Now, as he gazed at the tropic plenilune, he conceived the sudden and obsessing idea that the orb was somehow larger, and its light more brilliant than usual; even as they might have been in ages when the moon and earth were much younger. Then he was possessed by a troublous doubt, by an inenarrable sense of dislocation, and a dream-like vagueness which attached itself to the world about him. A wave of terror surged upon him, and he felt that he was slipping irretrievably away from all familiar things. Then the terror ebbed; for that which he had lost was far-off and incredible; and a world of circumstances long-forgot was assuming, or resuming, the tinge of familiarity.
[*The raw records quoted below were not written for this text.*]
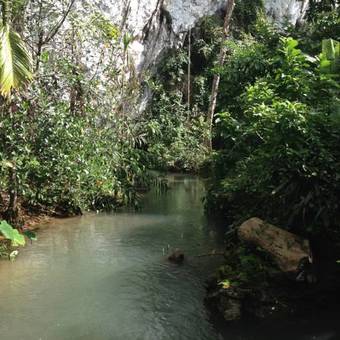 Hotel Khao Sok Silver Cliff Resort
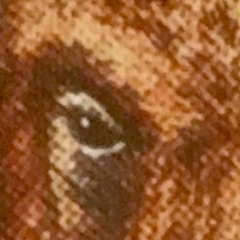 Into The Wild. The Beasts of Tarzan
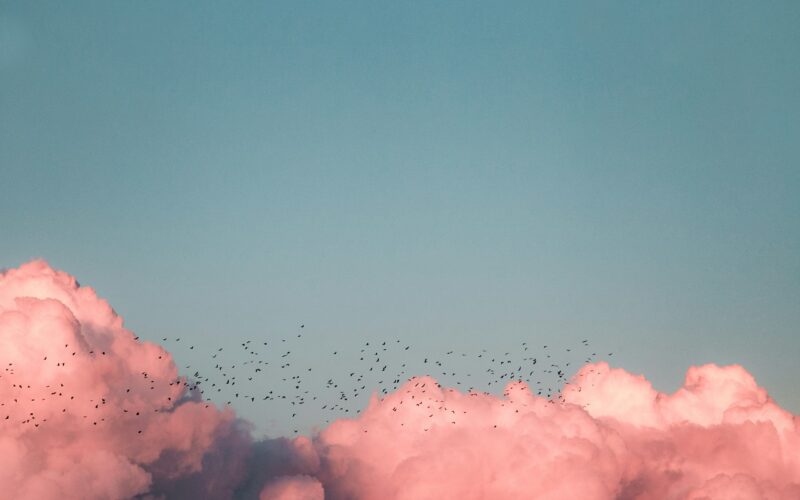Pink clouds with a flock of birds flying in front of it
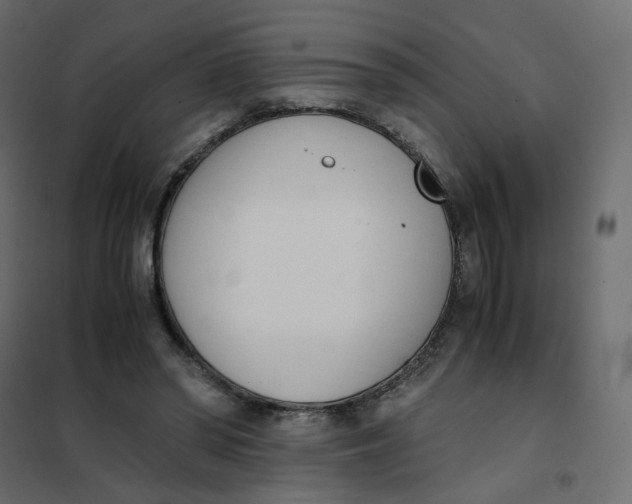 X0000102030398200808081817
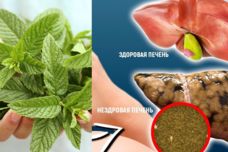Լյարդը մաքրում է և բուժում է․ Փորձեք և եղեք առողջ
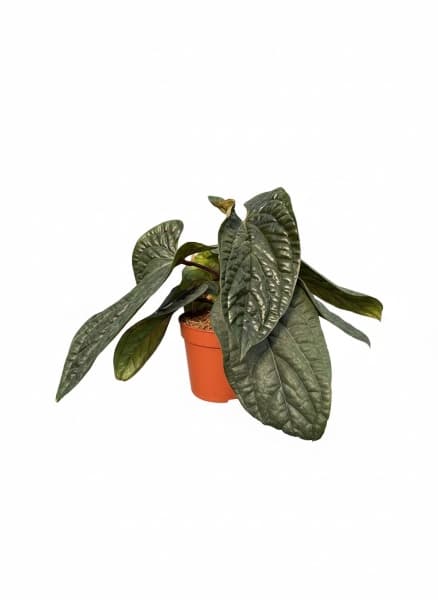 אנטוריום Luxurians x Radicans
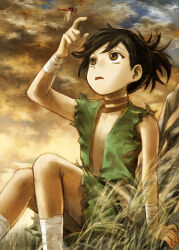 Rule 34 | 1girl, abe yoshitoshi, androgynous, ankle wrap, black hair, brown eyes, brown sky, bug, commentary request, dororo (character), dororo (tezuka), dragonfly, flat chest, grass, guest art, hand up, highres, insect, looking up, open clothes, open mouth, outdoors, ponytail, reverse trap, sitting, solo, wrist wrap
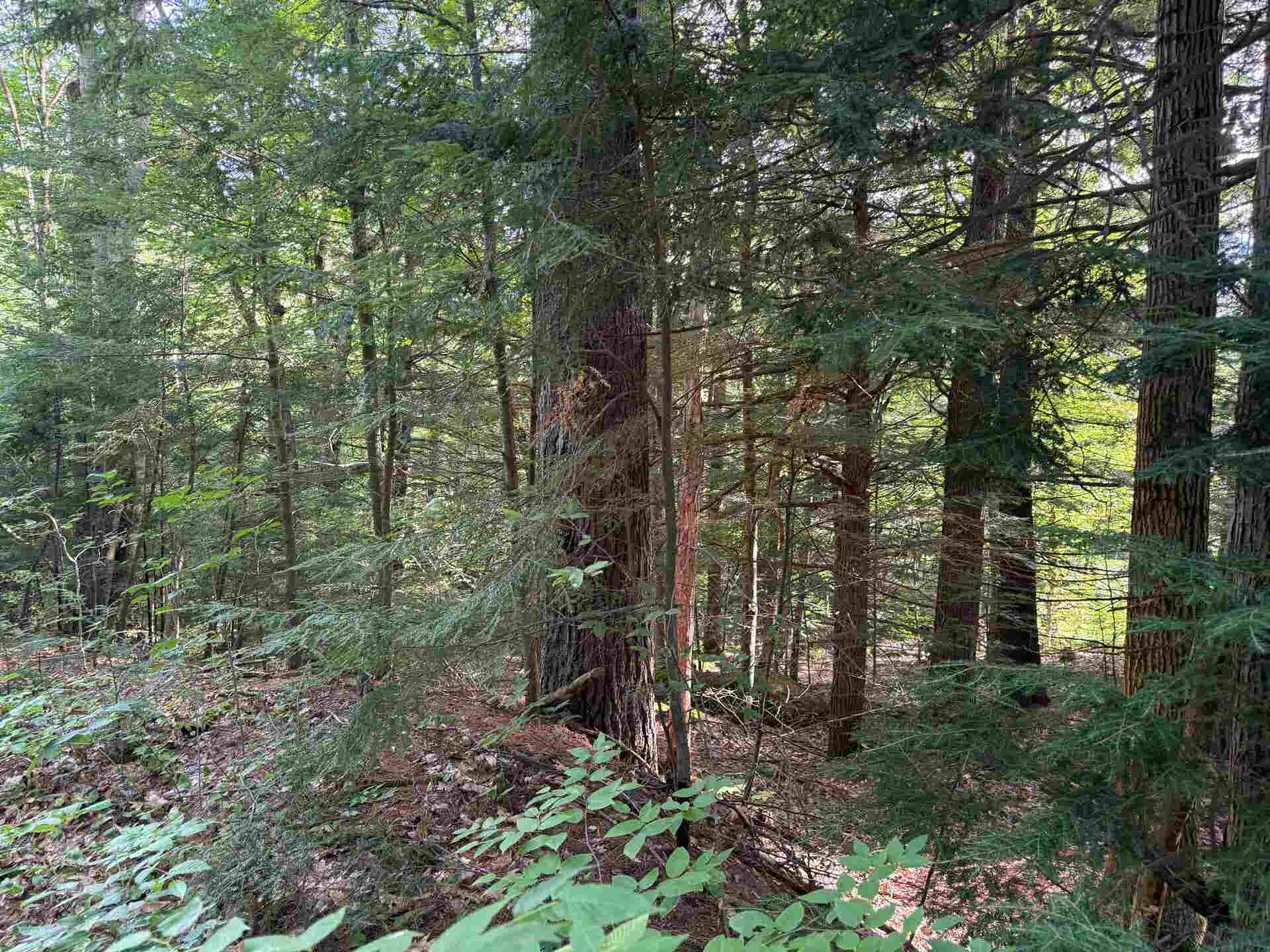 14-189 Seminole Road, Hillsborough, NH 03244
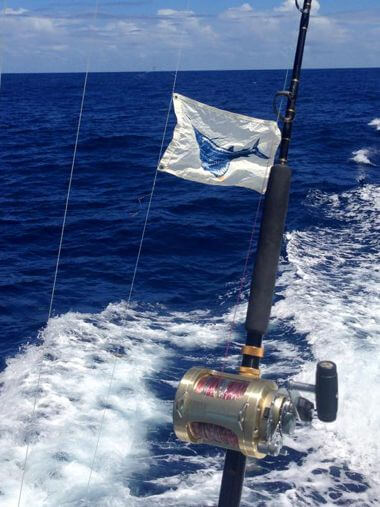 Vacationers camping in Waves in July released a beautiful Atlantic Sailfish on Longer Days.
What, he wondered, was he doing on this queer ship? It was the night of sacrifice to Rhalu, the selenic goddess; and he, Matla, was to play an essential part in the ceremony. He must reach the temple ere the moon had mounted to her zenith above the altar-stone. And it now lacked only an hour of the appointed time.

He rose and peered about with questioning eyes. The deck was deserted, for it was unnecessary to keep watch in that tranquil harbor. Svensen and the mate were doubtless drinking themselves to sleep as usual; the sailors were playing their eternal whist and pedro; and Thorway was in his cabin, probably writing a no less eternal monograph on Etruscan tombs. It was only in the most remote and exiguous manner that Morley recollected their existence.

Somehow, he managed to recall that there was a boat which he and Thorway had used in their visits to the isle; and that this boat was moored to the schooner’s side. With a tread as lithe and supple as that of a native, he was over the rail and was rowing silently shoreward. A hundred yards, or little more, and then he stood on the moon-washed sand.

Now he was climbing the palm-clustered hill above the shore, and was heading toward the temple. The air was suffused with a primal, brooding warmth, with the scent of colossal flowers and ferns not known to modern botanists. He could see them towering beside his way with their thick, archaic fronds and petals, though such things have not lifted to the moon for aeons. And mounting the crest of the hill, which had dominated the little isle and had looked down to the sea on two sides, he saw in the mellow light the far, unbounded reaches of a softly rolling plain, and sealess horizons everywhere, that glowed with the golden fires of cities. And he knew the names of these cities, and recalled the opulent life of Mu, whose prosperity had of late years been menaced by Atlantean earthquakes and volcanic upheavals. These, it was believed, were owing to the wrath of Rhalu, the goddess who controlled the planetary forces; and human blood was being poured in all her fanes to placate the mysterious deity.